Norfolk Island
Australia and New Zealand · NF · 0 treaties
Tax profile
| Corporate income tax | 30% |
| Withholding — dividends | 0% |
| Withholding — interest | 0% |
| Withholding — royalties | 0% |
| VAT / GST (standard) | 10% |
| Personal income (top rate) | 45% |
| Capital gains | 22.5% |
| Tax system | Worldwide |
| Residency threshold | 183 days |
| Exit / departure tax | No |
| CFC rules | Yes |
| Transfer pricing | Oecd Aligned |
| Digital nomad visa | No |
| Digital services tax | none |
| Global minimum tax (Pillar 2) | None |
Tax residency
ModerateWhat makes you a tax resident — and how hard it is to stop being one.
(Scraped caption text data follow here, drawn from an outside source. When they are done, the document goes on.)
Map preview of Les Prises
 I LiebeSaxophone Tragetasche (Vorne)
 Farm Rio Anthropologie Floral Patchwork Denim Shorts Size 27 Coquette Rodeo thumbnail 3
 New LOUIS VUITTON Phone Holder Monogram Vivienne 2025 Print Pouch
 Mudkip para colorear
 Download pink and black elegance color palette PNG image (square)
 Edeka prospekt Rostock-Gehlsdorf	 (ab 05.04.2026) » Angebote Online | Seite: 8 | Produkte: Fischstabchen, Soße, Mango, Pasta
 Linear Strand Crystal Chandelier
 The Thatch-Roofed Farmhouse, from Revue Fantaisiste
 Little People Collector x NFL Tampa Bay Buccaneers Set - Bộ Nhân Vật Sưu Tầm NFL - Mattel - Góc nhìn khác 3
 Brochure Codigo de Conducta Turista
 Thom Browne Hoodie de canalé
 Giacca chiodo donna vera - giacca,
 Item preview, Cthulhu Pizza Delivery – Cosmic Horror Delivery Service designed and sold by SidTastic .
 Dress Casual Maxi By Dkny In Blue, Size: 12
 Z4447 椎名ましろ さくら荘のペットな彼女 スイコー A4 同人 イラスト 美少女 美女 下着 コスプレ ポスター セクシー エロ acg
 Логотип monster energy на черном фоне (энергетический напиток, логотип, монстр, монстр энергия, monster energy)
- Australian resident for tax purposes – determined under the ATO’s standard residency rules (resides test, domicile test, 183‑day test, Commonwealth superannuation test) applied equally to people living on Norfolk Island
- Resides test – you are an Australian resident if you reside in Australia in the ordinary sense, based on factors such as physical presence, intention and purpose, family, business/employment ties, maintenance and location of assets, and social and living arrangements
- Domicile test – you are an Australian resident if your domicile (permanent home by law) is in Australia, unless the ATO is satisfied that your permanent place of abode is outside Australia
- 183‑day test – you are an Australian resident if you are actually present in Australia for more than half the income year (at least 183 days), unless your usual place of abode is outside Australia and you have no intention of taking up residence in Australia
- Commonwealth superannuation test – you (and your spouse and children under 16) are an Australian resident if you are an eligible employee for certain Australian Government superannuation schemes (CSS or PSS), regardless of other factors
Domicile / deemed-domicile
Norfolk Island individuals are tax‑resident under the normal Australian residency tests, so breaking residency usually requires both leaving and establishing a permanent place of abode outside Australia to overcome the domicile test, but there is no citizenship‑based or formal multi‑year exit/tail rule.